*The data*.

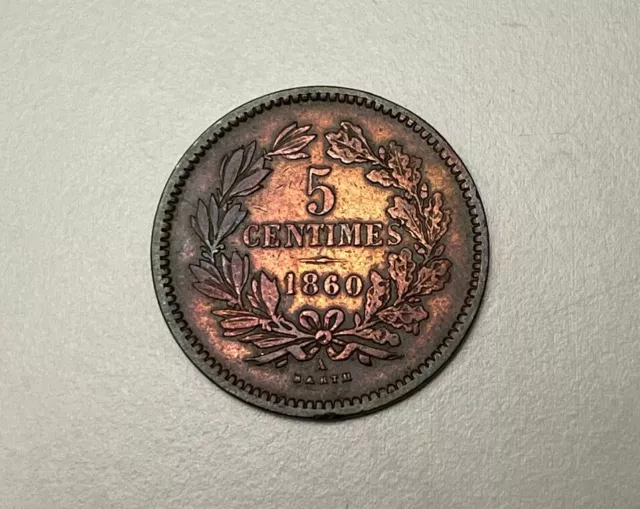 Münze - Luxemburg - 5 Centimes, 1860 A Paris，Saubere Erhaltung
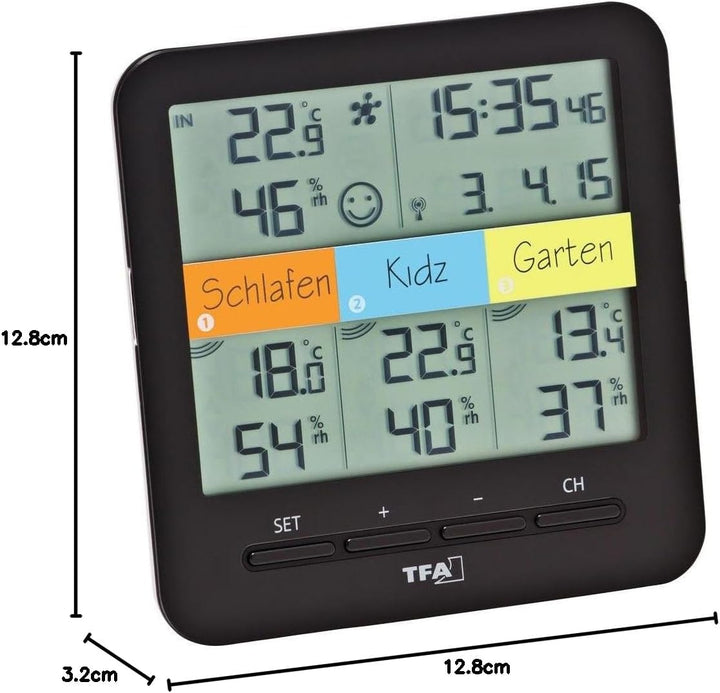 TFA Dostmann Klima Home Hygro-Station 30.3060.01 Funk-Thermo-Hygrometer mit 3 Sendern, Kunststoff, S
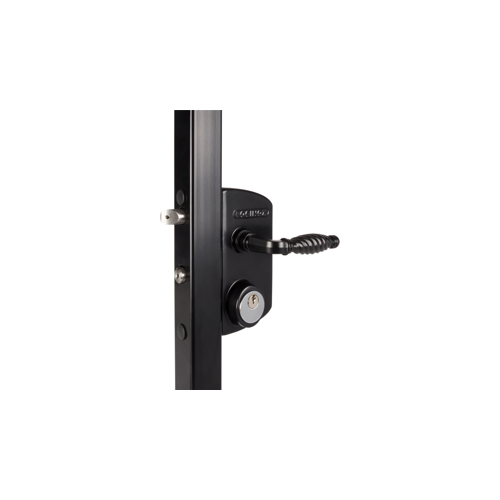 Locinox LUKY30J5LZCZB9005 Surface Mounted Swing Gate Lock with Handle, for 1.25 to 1.5 Square Frame, Less Mortise Cylinder, Black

*Required action*. With the line containing "TFA Dostmann Klima" as the first line and the last line of the listing as the final one, reproduce that span exactly, without pictures.

*Solution to the problem*.
 TFA Dostmann Klima Home Hygro-Station 30.3060.01 Funk-Thermo-Hygrometer mit 3 Sendern, Kunststoff, S
 Locinox LUKY30J5LZCZB9005 Surface Mounted Swing Gate Lock with Handle, for 1.25 to 1.5 Square Frame, Less Mortise Cylinder, Black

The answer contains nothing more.